Saved data entries
....
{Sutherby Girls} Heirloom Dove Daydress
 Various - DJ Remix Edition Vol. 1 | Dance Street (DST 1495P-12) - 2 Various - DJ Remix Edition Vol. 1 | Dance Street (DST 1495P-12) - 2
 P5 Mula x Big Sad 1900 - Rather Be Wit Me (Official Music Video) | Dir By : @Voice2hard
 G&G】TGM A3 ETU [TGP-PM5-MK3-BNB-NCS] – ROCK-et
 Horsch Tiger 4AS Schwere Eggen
....
*EXERCISE OBJECTIVE*
Exactly and only the lines from the line containing "P5 Mula x Big" through the final line of the records above must be returned.

*EXERCISE ANSWER*
 P5 Mula x Big Sad 1900 - Rather Be Wit Me (Official Music Video) | Dir By : @Voice2hard
 G&G】TGM A3 ETU [TGP-PM5-MK3-BNB-NCS] – ROCK-et
 Horsch Tiger 4AS Schwere Eggen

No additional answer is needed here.